In the last decade or so, however, the internet has produced a range of companies with sustainable business models. The rise in big tech firms has been accompanied by (often tech- driven) advances in other areas such as healthcare. Venture Capital firms have found themselves well positioned to capitalize on the opportunities and we discuss recent growth in the industry below. 

 

Life cycle of a VC investment

 

The key stages of Venture Capital financing are shown in Figure 1. Exact terminology may vary slightly, but “staged funding” is the key concept here. Rather than providing funding upfront, staged funding allows Venture Capitalists to regularly refresh information about the firm, monitor its key metrics, review plans, and evaluate whether to provide additional capital funding or look for an exit. 

"Staged funding is the key concept here. This allows Venture Capitalists to regularly evaluate whether to provide additional capital funding or look for an exit."

 

  1. Seed financing: “Seed” capital was historically provided to many firms by friends and family, but recently has been regarded as the first institutional funding round in a start- up. Seed funding is mainly invested in research and development, continuing to build out the company's initial product. Companies at this stage are often characterized by severely negative cash-flow: seed capital needs to be sufficient to carry companies through this so-called “valley of death” when many company failures can occur. 
  2. Early stages investing: 1st Stage (sometimes referred to as Series A): Once start-ups have achieved traction in terms of user growth or sales, they are in a position to raise additional funds from an early stage investor. The product is improved as further feedback is incorporated. Amounts of money raised at this stage tend to be several times higher than during the initial seed capital stage.

    2nd Stage (Series B): The final “early stage” round: 2nd Stage companies typically have the required product market fit by this stage and have strong user growth, if not revenue. Companies often raise capital for investing in sales and marketing to help scale up the product for broader markets. Amounts typically raised at this stage are larger still, with some specialist investors perhaps only getting involved at this point.
  3. Expansion or later stage / third stage capital: Once a start-up has reached third (Series C) or later stage funding, it is generally no longer considered an early stage company. Such companies continue to fund expansion through investment in the business. The focus here is on achieving strong growth – perhaps through acquisitions of other potential competitors. The type of investors involved here may broaden out further to include non-Venture Capital specialists as the company is now seen as fundamentally viable.

    Mezzanine / pre-IPO financing: Late stage companies at this point typically remain unprofitable and continue to raise capital to fund growth via fourth (Series D) and further fund raisings and ultimately achieve an exit, although some companies may exit before this stage.

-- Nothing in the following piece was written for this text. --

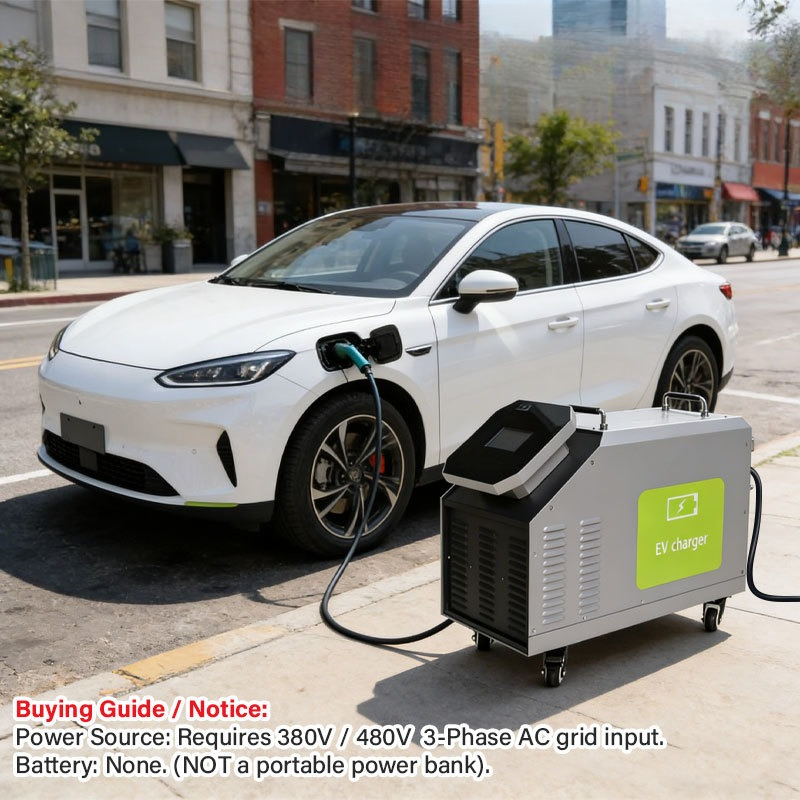Portable Dc Fast Charger 20Kw Ccs2 - Wejście zasilania 480V 3-fazowe AC, 7kW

    The last round of funding before an exit is often referred to as a “Pre-IPO round” (or Series E+). In recent years, such rounds have been dominated by non-traditional start- up investors, like sovereign wealth funds, mutual funds and hedge funds. 
  4. IPO or M&A exit: Successful VC-backed portfolio companies traditionally exit in either one of two ways: a sale to a larger company or through an IPO. Media attention is often focused on IPOs, but M&A transactions have been more of a norm when it comes to exit for start-ups of all stages. We discuss SPACs (special purpose acquisition companies) later in the report.

    Ultimately, the investors’ aim is usually to realize investment gains at this point – assuming that the company has survived and prospered.